In a recent speculative essay, Bindi et al. (2020a) reported that although the only known examples of natural quasicrystals are from the Khatyrka meteorite, this does not necessarily mean that quasicrystals must be extremely rare in the universe. The authors present several reasons why quasicrystals may prove to be among the most ubiquitous minerals found in the universe.

Significance of high-pressure minerals from meteorites

Ringwoodite can be identified easily by an optical microscope because it shows purple/blue color in transmitted light. Hence, in the classic shock classification criterion (S1–S6), the identification of ringwoodite in ordinary chondrites became a criterion for very strongly shocked (S6) (Stöffler et al. 1991). Many kinds of high-pressure minerals were found from ordinary chondrites after the shock classification criterion was proposed. The criterion was revised, Stöffler et al. (2018) defining that not only ringwoodite but also wadsleyite, ahrensite, majorite, akimotoite, bridgmanite, and lingunite may be present in ordinary chondrite that satisfies shock stages S5–S6.

High-pressure melting experiments of the Allende CV3 carbonaceous chondrite and peridotite were conducted, and their phase equilibrium diagrams were obtained using their run products (Zhang and Herzberg 1994; Agee et al. 1995). There are similarities in the species, assemblages, chemical compositions, and grain sizes of high-pressure minerals between the recovered samples and constituents in shock-melt veins. Based on the similarities, Chen et al. (1996) estimated the shock pressure and temperature recorded in a shock-melt vein using the phase equilibria diagrams. This scheme was applied to several ordinary chondrites, eucrites, Martian, and lunar meteorites to estimate the shock pressure and temperature (e.g., Xie et al. 2003, 2006; Ohtani et al. 2004; El Goresy et al. 2013; Pang et al. 2016; Zhang et al. 2021).

The major disruption that occurred on the early parent body of ordinary chondrites was deduced by the systematic investigations of high-pressure minerals (Miyahara et al. 2020). Most ordinary chondrites have experienced thermal metamorphism after accumulation into the early parent body. Based on the maximum metamorphic temperature and cooling rate recorded in each ordinary chondrite, the early parent body of ordinary chondrites had an onion shell structure before its major disruption (e.g., Trieloff et al. 2003). Assuming the onion shell model, shock pressure should be the highest at the surface (least thermally metamorphosed one: petrographic type 3) of the parent body. However, unexpectedly, the shock pressure estimated by high-pressure minerals increases with increasing petrographic type from 3 to 6 (petrographic type 6 is the highest thermally metamorphosed one corresponding to the deepest interior of the parent body) (Miyahara et al. 2020). The results suggest that the apparent lower shock pressure on the surface would be explained by spallation at the opposite side of the parent body to the impact point.

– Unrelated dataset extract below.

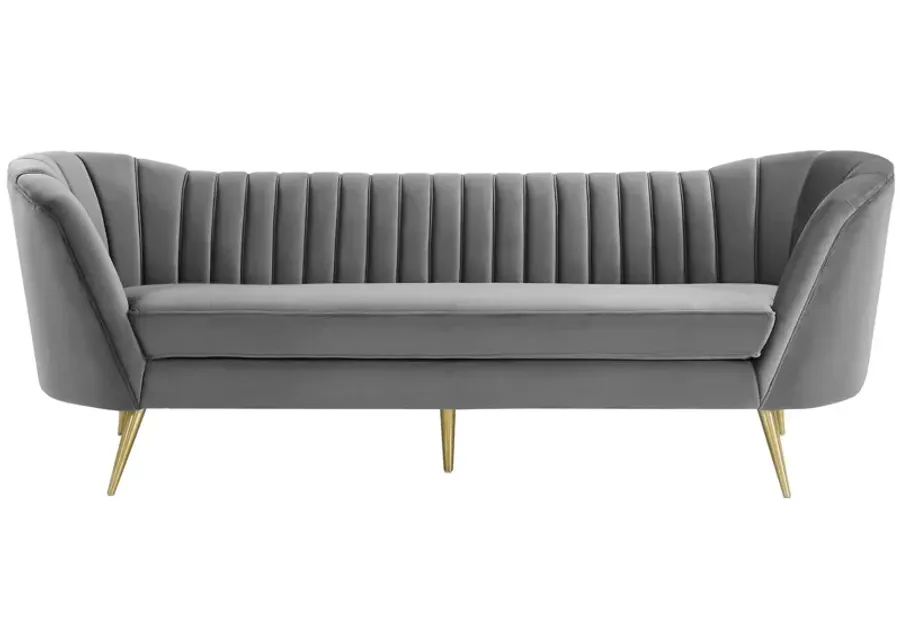 Opportunity Vertical Channel Tufted Curved Performance Velvet Sofa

Recent studies point out that shock metamorphism recorded in shocked meteorites is not simple. Some ordinary chondrites seem to record a dual impact because (i) a shock-melt vein is penetrated by another shock-melt vein (Hu and Sharp 2016) and (ii) a high-pressure polymorph includes another high-pressure polymorph indicating different shock pressures (Miyahara et al. 2011a). The dual impact (or dual heating event) record is also deduced from radioisotope ages in some shocked meteorites (e.g., Treiman et al. 2007).

The formation of a high-pressure mineral and resetting of a radioisotope’s age depend on the thermal history. However, the thermal history recorded in a shock-melt vein or melt-pocket is also complex. Pressure decreases drastically (several microseconds’ order) but temperature decreases gradually (several seconds’ order) during an adiabatic decompression stage, resulting in low-pressure and high-temperature conditions. If the low-pressure and high-temperature conditions are prolonged, the back transformation of a high-pressure mineral occurs, which underestimates the shock pressure (Kimura et al. 2004; Hu and Sharp 2017; Miyahara et al. 2019). However, a back-transformation mechanism of a high-pressure mineral and its kinetics have not been deeply investigated except for a few works (Ming et al. 1991; Fukimoto et al. 2020; Miyahara et al. 2021). We must work on these issues to trace a pressure–temperature-time path recorded in a shock-melt vein or melt-pocket as future work.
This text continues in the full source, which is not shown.